Postecoglou’s coaching journey began with Australia’s Under-17 and Under-20 sides. In 2009, he took charge of A-League side Brisbane Roar.
He initially rocked the boat by dispensing of senior pros – and not to mention former Rangers players – Craig Moore and Charlie Miller, which might earn him some brownie points with the Celtic faithful. His decision was vindicated as he led Brisbane to two A-League championships, including a 36-match unbeaten run, which remains the longest undefeated streak in Australian football history.

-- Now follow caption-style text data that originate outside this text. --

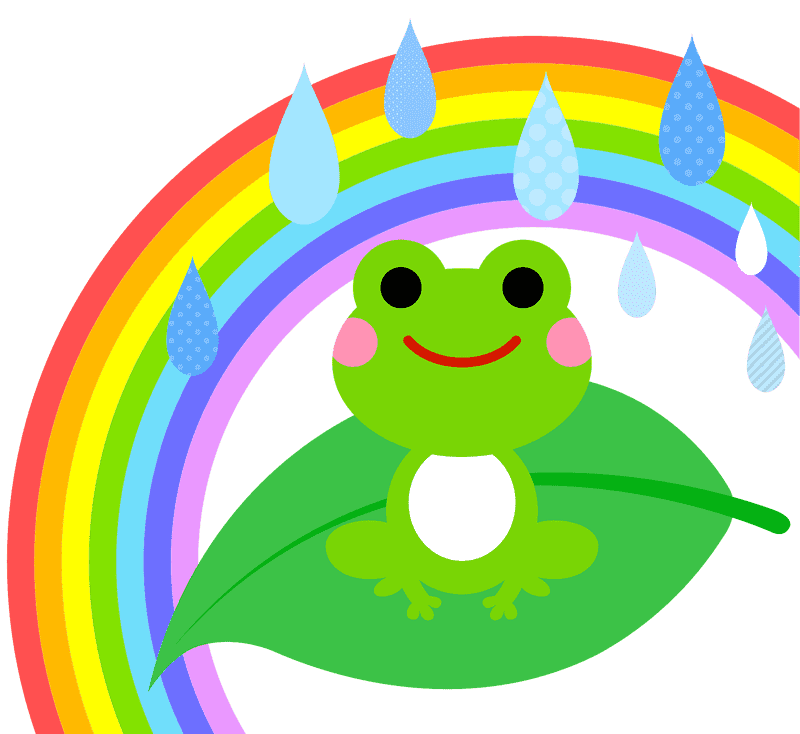 Cheerful Frog Under a Colorful Rain PNG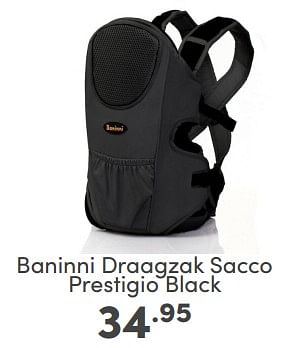 Aanbiedingen Baninni draagzak sacco prestigio black - Baninni - Geldig van 05/02/2023 tot 11/02/2023 bij Baby & Tiener Megastore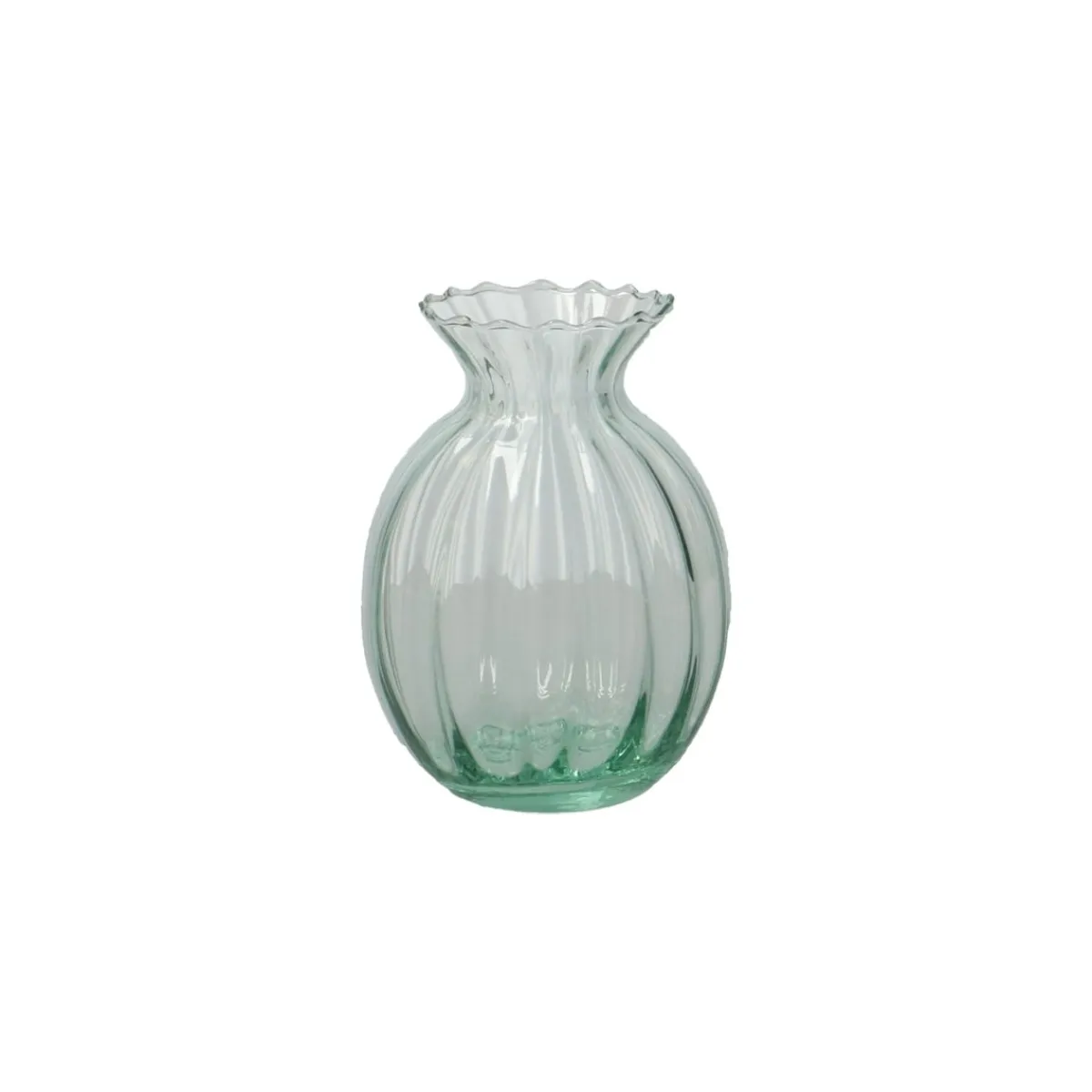Warm Wonen|Herfst Decoratie*DILLE & KAMILLE Vaas, ribbels, groen glas, 12 cm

Employing a possession-based 4-3-3 formation, the Roar were dubbed ‘Roarcelona’ during their golden period. His success led him on to Melbourne Victory in 2012 before the Socceroos came knocking at his door a year later.

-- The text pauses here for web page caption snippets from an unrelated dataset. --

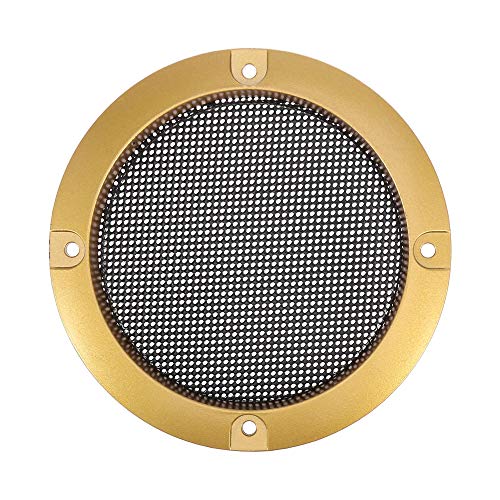 X AUTOHAUX 3.5" Gold Tone Car Audio Speaker Cover Mesh Subwoofer Grill Horn Glossy Guard Protector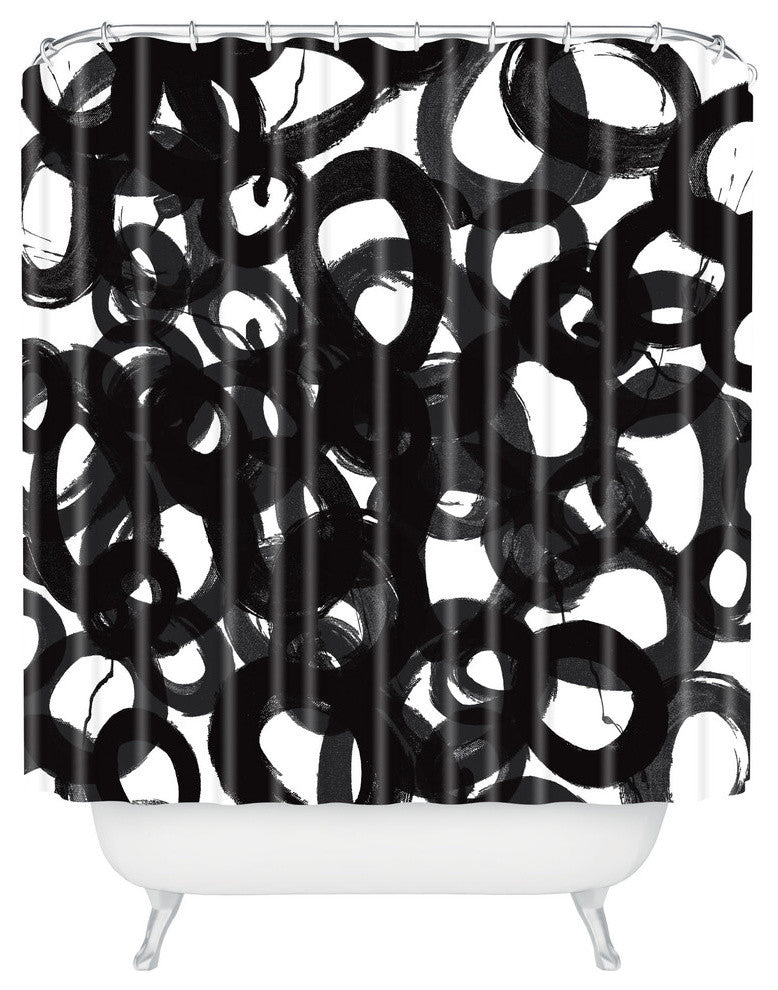 Kent Youngstrom Black Circles Shower Curtain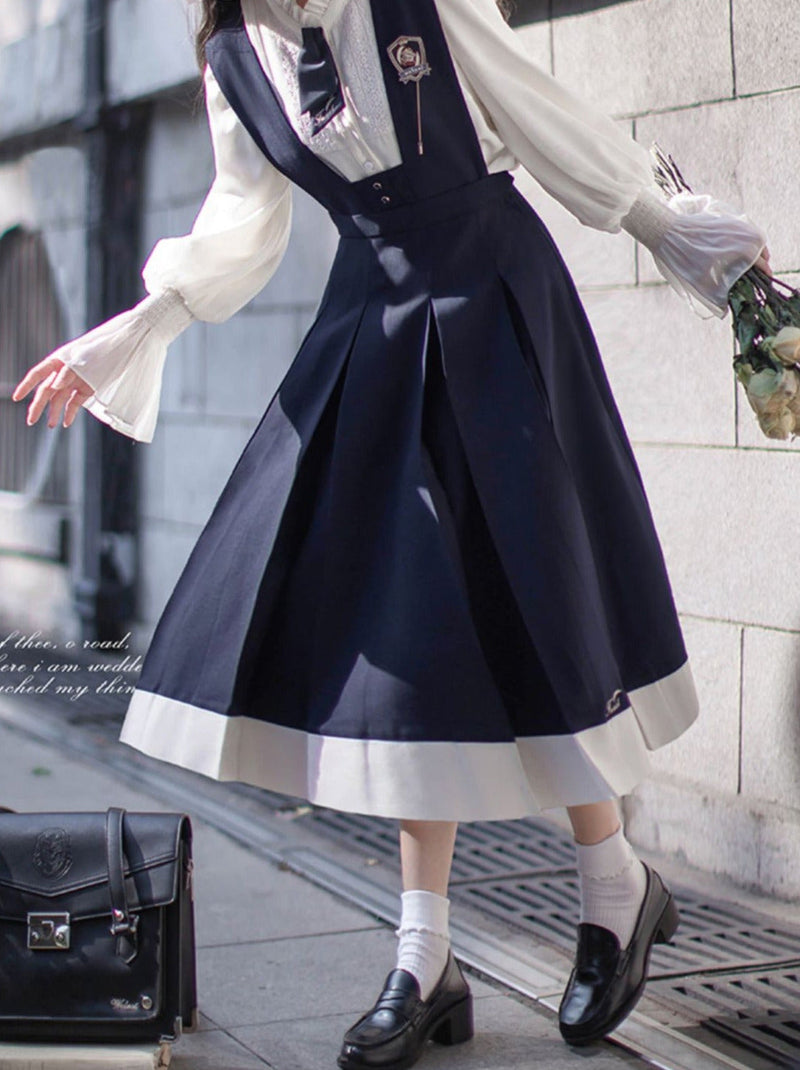 College Style Retro Ruffle Chiffon Blouse + Cyan Dress + Beret + Emblem + Necktie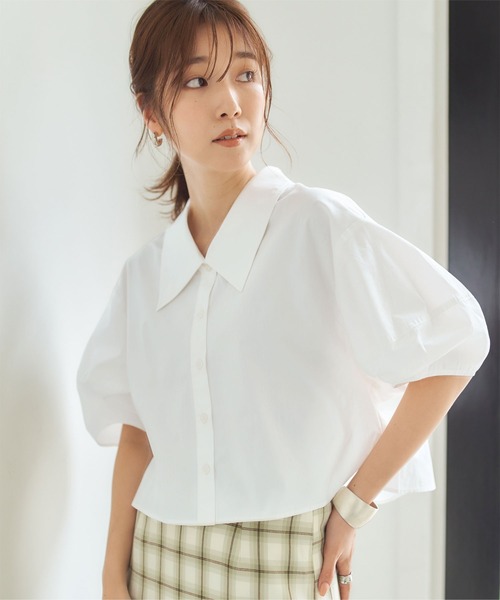 titivate（ティティベイト）の「ﾊﾟﾌｽﾘｰﾌﾞｼｮｰﾄｼｬﾂﾌﾞﾗｳｽ（シャツ/ブラウス・レディース・オフホワイト/イエロー/ネイビー・S/M）」の20枚目の写真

His tenure in charge of the national side included qualification for both the 2014 and 2018 World Cups and a memorable 2015 Asian Cup victory on home soil, where Australia overcame South Korea in extra-time.
Postecoglou stood down as the national team boss less than a week after Australia confirmed their place at Russia 2018. The personal strain of the job had taken its toll on him.
Despite his successes with an Australian squad far less talented than the ‘golden generation’ of 2006, Postecoglou still came in for heavy criticism in some quarters. The Socceroos loss was clearly Japan’s gain.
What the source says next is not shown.